Herd About It?
by Ana Grarian
I was dreaming last night about our farm. In the dream I was sitting on the back porch enjoying a cup of coffee and looking down over the valley. The woodlot at the back of the property was golden with fall leaves. The corn field was drying down for harvest. The hayfield was starting to show new growth after third cutting and cows were grazing on the long southern field. Deer were eating the grass along the hedgerow. In the side yard my young apple trees were bent with apples. The grapevines in need of picking. Tomatoes were just about done and the brussell sprouts were looking tempting. Off and on a squeal could be heard from the pig pen as they pushed each other away from the feeder.
In South Carolina we have friends with a small piece of property. It is surrounded by a hundred acres of forest. Soon the forest will be gone. Developer’s are moving in to build a new community. First the logger’s will come in and harvest the best logs. Then the bulldozers will push the rest into big piles where they will be burned. The dozers will then sculpt the ground into the developer’s idea of a beautiful rolling landscape. A landscape that just happens to provide for the most allowable homesites for the acreage.
What about the community that already lives there? Oh I don’t mean the people like our friends and their neighbors whose lives will be changed forever by traffic and noise.
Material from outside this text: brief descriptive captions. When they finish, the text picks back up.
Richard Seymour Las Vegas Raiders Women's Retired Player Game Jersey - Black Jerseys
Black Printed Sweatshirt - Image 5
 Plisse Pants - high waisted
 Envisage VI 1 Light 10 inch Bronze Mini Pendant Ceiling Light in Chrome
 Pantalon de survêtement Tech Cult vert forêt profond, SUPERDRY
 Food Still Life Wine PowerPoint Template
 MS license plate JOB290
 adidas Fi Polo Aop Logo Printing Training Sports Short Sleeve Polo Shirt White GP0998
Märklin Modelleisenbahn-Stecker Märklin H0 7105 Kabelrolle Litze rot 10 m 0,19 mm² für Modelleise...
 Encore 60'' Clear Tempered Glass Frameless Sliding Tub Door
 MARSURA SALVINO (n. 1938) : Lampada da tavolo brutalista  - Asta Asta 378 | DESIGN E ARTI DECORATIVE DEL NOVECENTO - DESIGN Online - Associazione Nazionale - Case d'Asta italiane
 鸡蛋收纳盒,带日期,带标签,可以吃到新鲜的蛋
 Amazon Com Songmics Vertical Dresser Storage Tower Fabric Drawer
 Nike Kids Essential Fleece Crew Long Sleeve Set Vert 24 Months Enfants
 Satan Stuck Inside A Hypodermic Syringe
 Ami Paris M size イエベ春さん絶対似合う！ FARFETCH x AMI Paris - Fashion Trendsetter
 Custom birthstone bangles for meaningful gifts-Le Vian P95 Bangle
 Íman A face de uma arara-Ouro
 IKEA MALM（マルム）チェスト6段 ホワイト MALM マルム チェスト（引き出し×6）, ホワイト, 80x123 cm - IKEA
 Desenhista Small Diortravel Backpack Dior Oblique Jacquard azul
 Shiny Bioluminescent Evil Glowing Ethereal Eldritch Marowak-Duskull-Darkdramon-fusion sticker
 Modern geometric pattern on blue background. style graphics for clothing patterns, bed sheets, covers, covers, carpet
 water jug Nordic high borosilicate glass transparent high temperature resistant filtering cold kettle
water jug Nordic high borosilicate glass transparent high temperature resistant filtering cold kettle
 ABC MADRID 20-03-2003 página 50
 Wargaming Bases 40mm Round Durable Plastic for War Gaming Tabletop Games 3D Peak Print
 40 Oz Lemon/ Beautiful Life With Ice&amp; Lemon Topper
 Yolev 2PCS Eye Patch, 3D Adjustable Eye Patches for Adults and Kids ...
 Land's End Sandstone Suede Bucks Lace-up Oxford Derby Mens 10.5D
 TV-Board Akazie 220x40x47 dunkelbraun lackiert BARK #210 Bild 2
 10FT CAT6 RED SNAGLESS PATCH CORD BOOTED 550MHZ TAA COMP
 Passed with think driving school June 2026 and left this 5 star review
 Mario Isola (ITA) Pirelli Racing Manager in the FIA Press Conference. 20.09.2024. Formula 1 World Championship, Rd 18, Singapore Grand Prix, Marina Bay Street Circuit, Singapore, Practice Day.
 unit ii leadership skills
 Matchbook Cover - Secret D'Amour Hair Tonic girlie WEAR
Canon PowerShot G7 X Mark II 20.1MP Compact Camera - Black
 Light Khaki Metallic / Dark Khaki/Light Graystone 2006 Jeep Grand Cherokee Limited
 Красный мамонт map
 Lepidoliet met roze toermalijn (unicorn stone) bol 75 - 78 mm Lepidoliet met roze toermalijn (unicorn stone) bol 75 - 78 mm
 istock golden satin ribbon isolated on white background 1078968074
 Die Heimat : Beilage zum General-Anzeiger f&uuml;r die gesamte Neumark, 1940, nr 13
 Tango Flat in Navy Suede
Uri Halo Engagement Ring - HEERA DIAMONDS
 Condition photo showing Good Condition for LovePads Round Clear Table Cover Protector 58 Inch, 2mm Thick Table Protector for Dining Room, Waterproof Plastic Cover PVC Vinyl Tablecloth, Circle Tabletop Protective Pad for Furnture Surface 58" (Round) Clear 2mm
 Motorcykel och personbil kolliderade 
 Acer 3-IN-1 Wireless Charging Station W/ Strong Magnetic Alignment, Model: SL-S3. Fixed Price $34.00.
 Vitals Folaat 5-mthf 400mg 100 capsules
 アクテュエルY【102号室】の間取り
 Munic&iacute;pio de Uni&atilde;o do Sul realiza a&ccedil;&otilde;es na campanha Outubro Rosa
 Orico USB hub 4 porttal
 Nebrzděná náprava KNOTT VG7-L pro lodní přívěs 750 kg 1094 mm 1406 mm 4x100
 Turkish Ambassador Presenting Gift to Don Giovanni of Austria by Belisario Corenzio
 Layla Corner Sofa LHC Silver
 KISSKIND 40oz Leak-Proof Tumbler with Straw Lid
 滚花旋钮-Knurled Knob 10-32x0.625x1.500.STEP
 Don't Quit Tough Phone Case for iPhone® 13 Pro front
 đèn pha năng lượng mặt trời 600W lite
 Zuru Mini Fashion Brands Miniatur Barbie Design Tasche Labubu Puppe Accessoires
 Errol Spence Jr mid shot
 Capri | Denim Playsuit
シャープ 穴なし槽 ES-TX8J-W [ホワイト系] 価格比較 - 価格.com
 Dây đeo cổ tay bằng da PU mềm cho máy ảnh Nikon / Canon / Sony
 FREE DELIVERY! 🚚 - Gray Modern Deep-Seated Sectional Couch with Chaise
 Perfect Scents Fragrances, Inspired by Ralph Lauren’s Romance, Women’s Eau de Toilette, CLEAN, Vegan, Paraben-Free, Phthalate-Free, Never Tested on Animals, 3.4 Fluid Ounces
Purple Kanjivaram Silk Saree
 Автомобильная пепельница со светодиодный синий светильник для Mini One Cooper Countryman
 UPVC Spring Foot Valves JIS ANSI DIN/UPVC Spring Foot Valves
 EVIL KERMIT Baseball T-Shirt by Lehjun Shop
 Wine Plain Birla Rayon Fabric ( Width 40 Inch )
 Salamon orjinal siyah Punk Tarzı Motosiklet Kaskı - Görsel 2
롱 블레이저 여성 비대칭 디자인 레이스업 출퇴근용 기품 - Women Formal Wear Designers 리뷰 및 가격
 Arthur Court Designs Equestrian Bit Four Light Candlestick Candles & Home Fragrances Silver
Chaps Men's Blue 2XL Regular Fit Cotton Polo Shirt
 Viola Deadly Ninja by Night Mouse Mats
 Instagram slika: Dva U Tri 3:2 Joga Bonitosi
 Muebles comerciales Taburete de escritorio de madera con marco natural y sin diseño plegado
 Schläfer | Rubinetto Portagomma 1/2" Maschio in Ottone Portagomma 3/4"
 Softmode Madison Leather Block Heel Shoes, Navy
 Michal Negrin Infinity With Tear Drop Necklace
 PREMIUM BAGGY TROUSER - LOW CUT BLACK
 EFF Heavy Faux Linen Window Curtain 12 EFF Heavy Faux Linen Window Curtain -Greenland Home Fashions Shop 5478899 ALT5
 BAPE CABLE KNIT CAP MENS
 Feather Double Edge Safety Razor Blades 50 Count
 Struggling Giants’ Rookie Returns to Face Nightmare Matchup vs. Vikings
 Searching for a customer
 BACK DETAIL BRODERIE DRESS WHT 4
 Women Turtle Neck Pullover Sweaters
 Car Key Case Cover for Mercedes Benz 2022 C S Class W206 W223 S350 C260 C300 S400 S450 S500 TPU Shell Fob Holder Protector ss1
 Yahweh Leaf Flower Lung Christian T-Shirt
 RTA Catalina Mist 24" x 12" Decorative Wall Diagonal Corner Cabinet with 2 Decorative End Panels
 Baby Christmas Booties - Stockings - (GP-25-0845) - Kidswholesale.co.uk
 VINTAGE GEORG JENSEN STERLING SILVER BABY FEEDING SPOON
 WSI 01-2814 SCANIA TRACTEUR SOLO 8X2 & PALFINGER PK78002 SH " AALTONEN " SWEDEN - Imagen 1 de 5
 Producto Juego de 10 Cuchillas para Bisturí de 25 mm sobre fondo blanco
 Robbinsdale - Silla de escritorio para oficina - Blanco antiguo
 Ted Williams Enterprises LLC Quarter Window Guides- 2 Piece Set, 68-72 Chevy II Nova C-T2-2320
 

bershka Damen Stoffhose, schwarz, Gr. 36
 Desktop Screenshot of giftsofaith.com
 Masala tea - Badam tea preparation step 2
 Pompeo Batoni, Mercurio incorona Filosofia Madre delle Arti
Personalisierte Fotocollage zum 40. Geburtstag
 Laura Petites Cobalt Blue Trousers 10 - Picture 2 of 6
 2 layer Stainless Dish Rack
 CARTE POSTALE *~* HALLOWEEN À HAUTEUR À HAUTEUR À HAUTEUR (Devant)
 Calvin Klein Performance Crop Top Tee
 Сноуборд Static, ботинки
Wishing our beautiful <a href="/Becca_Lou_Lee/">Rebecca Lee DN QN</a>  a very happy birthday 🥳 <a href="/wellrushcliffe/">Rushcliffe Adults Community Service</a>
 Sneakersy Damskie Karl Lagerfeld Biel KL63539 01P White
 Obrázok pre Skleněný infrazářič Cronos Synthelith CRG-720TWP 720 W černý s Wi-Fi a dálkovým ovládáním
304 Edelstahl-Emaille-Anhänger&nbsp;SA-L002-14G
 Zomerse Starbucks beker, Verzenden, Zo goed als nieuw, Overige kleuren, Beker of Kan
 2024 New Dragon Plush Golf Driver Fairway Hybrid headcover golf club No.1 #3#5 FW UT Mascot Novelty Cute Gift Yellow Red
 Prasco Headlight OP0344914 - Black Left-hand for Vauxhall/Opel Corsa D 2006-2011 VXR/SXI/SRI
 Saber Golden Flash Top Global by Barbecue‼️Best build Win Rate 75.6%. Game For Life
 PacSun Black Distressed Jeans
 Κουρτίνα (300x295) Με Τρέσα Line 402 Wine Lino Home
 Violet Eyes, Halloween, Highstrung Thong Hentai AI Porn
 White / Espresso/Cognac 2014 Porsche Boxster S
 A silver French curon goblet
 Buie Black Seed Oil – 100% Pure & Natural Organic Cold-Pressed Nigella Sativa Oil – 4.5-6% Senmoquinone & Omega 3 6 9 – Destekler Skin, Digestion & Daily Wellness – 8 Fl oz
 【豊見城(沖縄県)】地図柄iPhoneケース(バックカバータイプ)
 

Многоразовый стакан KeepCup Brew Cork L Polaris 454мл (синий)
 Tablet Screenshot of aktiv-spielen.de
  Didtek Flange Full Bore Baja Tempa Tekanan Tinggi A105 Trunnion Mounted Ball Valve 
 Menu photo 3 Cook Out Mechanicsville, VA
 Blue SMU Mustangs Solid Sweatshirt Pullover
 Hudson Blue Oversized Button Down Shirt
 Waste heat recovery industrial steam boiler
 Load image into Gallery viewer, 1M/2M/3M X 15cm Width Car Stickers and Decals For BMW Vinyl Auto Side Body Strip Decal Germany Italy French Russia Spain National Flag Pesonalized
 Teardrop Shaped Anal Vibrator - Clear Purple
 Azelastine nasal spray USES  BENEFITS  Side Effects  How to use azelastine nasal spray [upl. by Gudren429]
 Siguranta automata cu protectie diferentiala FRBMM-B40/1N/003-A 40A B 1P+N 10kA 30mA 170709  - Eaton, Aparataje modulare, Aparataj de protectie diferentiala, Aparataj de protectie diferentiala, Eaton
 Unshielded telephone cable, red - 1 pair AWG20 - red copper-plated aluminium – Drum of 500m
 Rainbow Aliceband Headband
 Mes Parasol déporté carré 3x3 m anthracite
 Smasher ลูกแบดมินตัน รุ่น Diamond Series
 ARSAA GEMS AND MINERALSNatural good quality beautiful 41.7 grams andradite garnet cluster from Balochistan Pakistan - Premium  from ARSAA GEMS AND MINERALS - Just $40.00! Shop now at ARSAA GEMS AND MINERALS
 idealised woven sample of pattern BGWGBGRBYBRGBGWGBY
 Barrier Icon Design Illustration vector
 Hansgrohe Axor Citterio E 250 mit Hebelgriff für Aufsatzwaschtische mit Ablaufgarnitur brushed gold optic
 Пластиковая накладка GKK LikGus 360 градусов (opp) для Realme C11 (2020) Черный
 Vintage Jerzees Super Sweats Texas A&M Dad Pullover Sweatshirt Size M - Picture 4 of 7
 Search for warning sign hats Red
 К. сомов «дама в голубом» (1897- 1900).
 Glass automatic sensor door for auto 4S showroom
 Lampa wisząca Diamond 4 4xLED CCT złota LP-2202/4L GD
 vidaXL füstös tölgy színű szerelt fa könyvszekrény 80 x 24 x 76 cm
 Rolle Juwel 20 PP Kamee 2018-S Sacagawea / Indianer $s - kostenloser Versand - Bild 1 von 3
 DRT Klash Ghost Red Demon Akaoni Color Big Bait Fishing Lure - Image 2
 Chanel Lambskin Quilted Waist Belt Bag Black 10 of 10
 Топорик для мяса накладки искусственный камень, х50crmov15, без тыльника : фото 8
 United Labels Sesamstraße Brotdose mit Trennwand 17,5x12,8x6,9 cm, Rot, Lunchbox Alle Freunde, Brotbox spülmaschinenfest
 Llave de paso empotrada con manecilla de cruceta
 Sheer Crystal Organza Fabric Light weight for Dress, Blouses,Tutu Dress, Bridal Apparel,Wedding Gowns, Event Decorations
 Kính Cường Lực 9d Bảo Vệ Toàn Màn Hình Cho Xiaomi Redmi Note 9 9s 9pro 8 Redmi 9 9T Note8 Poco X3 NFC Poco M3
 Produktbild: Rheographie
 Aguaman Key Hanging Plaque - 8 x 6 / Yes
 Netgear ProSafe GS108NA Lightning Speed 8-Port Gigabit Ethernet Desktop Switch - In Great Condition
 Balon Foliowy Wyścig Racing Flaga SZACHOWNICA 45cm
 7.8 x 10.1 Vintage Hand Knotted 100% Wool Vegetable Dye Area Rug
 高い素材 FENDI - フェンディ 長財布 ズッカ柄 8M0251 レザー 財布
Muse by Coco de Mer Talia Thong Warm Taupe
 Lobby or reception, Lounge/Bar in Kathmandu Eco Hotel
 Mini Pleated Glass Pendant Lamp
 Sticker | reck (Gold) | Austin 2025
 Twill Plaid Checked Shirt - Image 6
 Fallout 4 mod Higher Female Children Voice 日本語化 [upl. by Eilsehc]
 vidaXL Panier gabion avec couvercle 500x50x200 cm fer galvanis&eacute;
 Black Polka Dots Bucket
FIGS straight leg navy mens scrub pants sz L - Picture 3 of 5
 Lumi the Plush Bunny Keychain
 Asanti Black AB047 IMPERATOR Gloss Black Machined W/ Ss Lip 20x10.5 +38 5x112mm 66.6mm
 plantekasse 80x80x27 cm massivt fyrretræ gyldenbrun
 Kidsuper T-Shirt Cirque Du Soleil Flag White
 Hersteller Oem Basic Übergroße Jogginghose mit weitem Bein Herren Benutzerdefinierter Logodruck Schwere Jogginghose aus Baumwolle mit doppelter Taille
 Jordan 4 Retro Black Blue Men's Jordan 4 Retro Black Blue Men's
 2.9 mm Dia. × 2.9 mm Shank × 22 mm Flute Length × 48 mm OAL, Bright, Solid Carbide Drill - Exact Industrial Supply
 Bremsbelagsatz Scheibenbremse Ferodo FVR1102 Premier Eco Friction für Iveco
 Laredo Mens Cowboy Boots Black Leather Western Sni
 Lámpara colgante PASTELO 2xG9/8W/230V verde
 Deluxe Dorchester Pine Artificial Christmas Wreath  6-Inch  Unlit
Though I do have compassion for how they feel about it. I am thinking about the deer and birds, rabbits, squirrels, snakes etc. All those inabitants who have no voice, no vote, no power, and no way to understand what is happening to them.
My dog and I have spent many hours walking through that forest. It is a wonderland. A few hundred feet in you forget that there is a busy road along one side of it. It’s so different from our northern forests with its sandy soil and huge quatrz crystals some the size of small logs.
What do those critters think when the bulldozers start in? Do they look for a place to hide thinking it’s temporary like kids on four-wheelers? Where do they go for the night when they find out their homes are gone? Where do they go to eat when their cover is destroyed?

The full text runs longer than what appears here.